Scared of the stock market? It could be a good time to dip into corporate bonds.

More than a few economists and strategists have pointed that out in the last couple of days, as spreads widen to record levels. Today, Citigroup's Steven Wieting says in a note that the cost of corporate credit, and therefore investor returns, have probably eclipsed long-term stock market returns on a risk-adjusted basis.

"In our view, corporate debt markets that looked very rich relative to equities in early 2007 have "blown right past" equities in their recent declines, on a risk-adjusted basis," he writes.

Also today, Michael Darda, chief economist at MKM Partners, made a tactical call to go long investment and high-yield credit.

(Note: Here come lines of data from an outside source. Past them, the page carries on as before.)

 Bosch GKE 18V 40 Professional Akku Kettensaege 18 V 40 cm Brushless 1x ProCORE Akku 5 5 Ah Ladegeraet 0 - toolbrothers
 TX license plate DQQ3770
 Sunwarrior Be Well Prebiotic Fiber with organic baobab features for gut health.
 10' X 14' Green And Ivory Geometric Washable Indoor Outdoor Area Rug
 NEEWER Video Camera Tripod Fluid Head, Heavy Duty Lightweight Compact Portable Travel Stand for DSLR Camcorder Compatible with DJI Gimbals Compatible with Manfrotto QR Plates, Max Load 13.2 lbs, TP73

"While we remain very negative on the growth outlook, we believe it has been fully priced into corporate credit markets," he wrote. Darda also points out that investment grade bonds are yielding more than 500 basis points over Treasurys, the most since 1933, while high-yield spreads are 1421 bps over Treasurys, the highest level ever.

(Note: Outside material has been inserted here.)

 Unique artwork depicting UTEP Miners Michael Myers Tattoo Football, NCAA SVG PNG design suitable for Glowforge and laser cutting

Bank of America's Jeffrey Rosenberg moved to overweight high-yield last week. Investors should beware that high-yield instruments command a high yield because they are the riskiest, lower quality credits.

Wieting writes that he doesn't think the stock market has necessarily bottomed. He said credit markets have become too cheap and could ultimately return to more normal conditions. If that's the case then stocks would benefit, but not as much as credit. Actions by the policy makers to break the credit crunch improved the case for that scenario.

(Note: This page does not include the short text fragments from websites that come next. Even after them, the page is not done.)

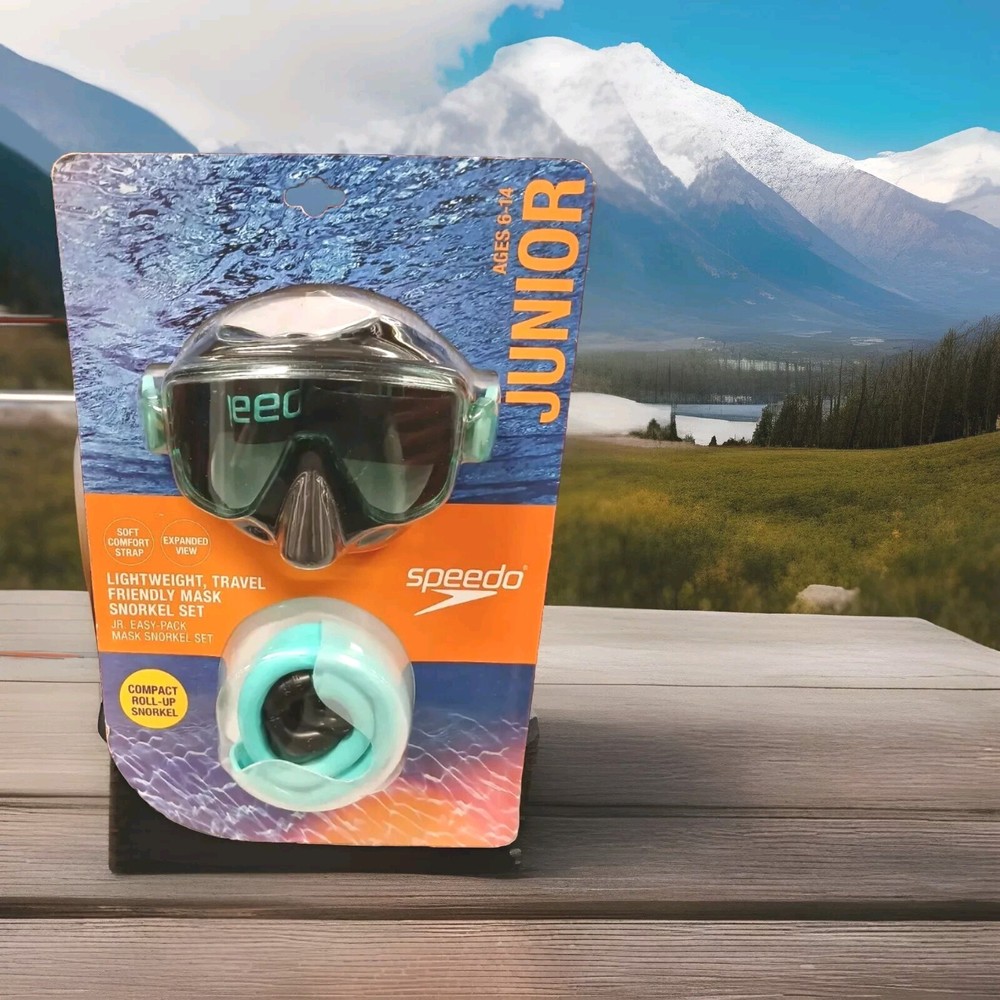 Speedo Junior Travel Snorkel Set Snorkeling Gear Anti-Fog Dry Top 6-14YRS Mint..
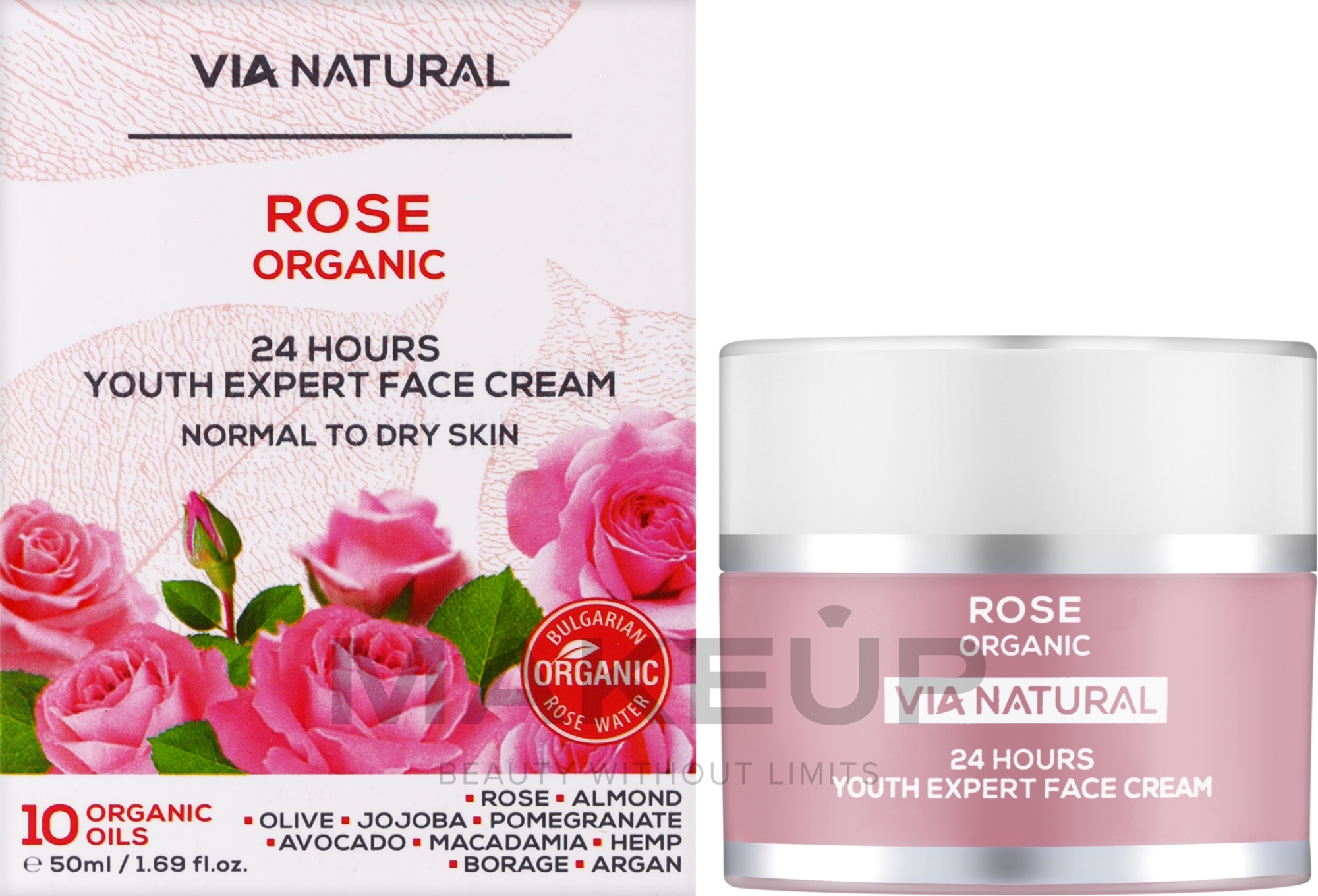 Экспертный крем для лица для молодости кожи 24ч "Роза Органик" - BioFresh Via Natural Rose Organic 24H Youth Expert Face Cream — фото 50ml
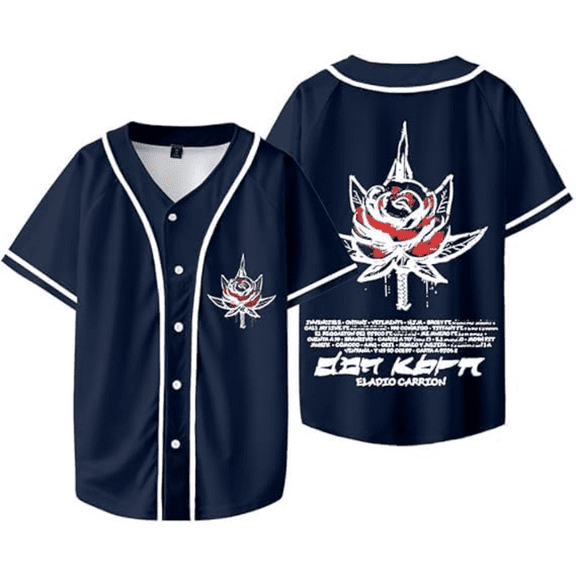 Eladio Carrion Don Kbrn Merch Baseball Jersey – Unisex Short Sleeve Button Down Fashion Tee for Fans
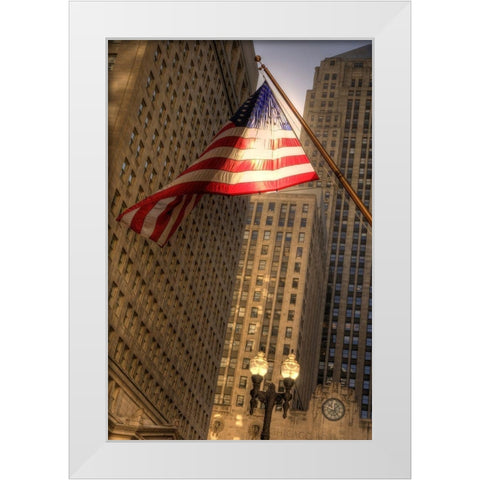 LaSalle street in downtown Chicago Illinois White Modern Wood Framed Art Print by SMO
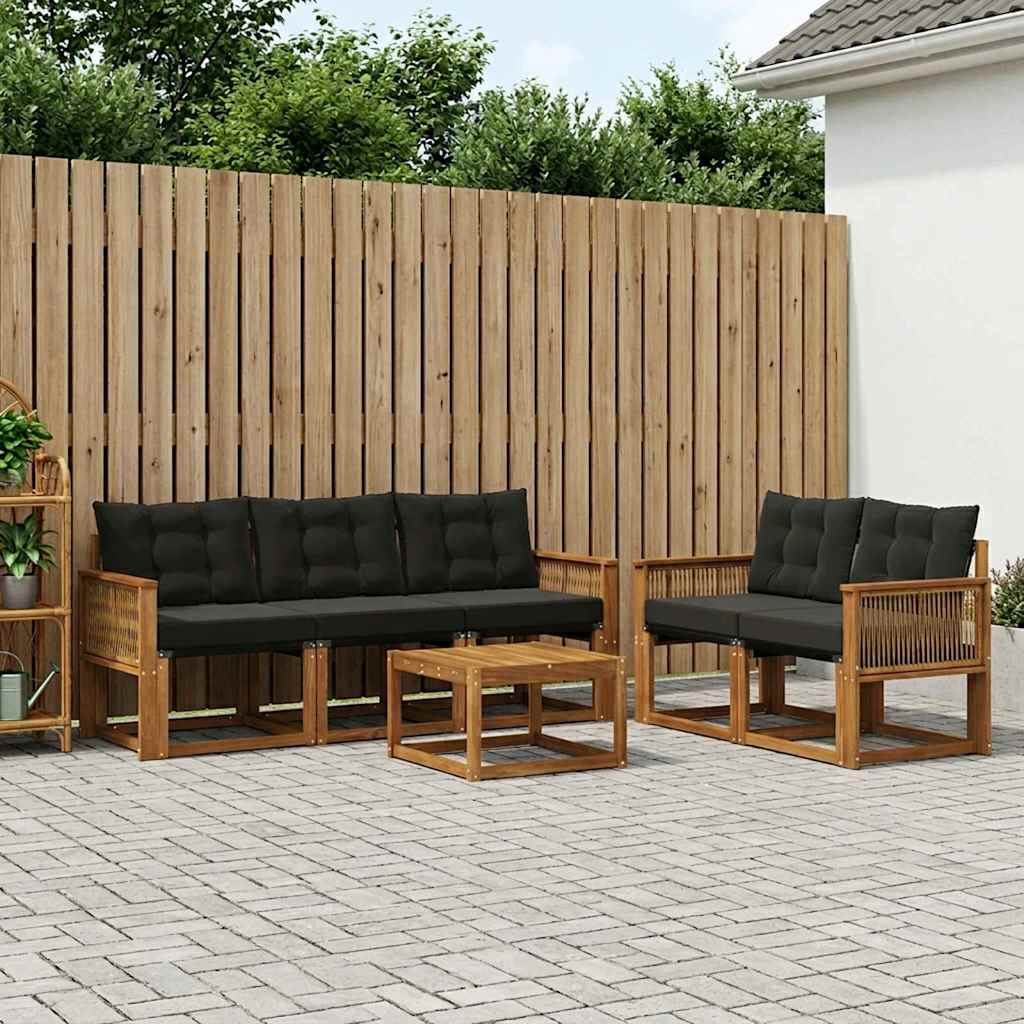 vidaXL Conjunto de sofás de exterior 6 uds. Natural y negro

Darda says he does not expect spreads, or the economy, to return to normal soon, but even so there could be significant gains for investment grade and high yield credits if the recent improvement in the short-term funding markets holds.

"We are assuming forward earnings estimates for the S&P 500 are about 25 percent too high, but the current level of equity prices appears to have taken this into account (based on a stringent earnings yield/corporate bond yield comparison). However, we will need to see the corporate bond market improve for stocks to move higher on a sustained basis. If our call on investment grade and high-yield credit works out, the backdrop for equities would improve," Darda wrote.

Darda also notes that because he does not believe credit spreads will return to normal any time soon, the upside in risk assets may be limited. But he says the opportunities in credit are probably better than equities for now. "Stocks typically bottom 3-6 months before the economy and we see no prospects for an economic recovery until the second half of 2009 at the earliest," he wrote.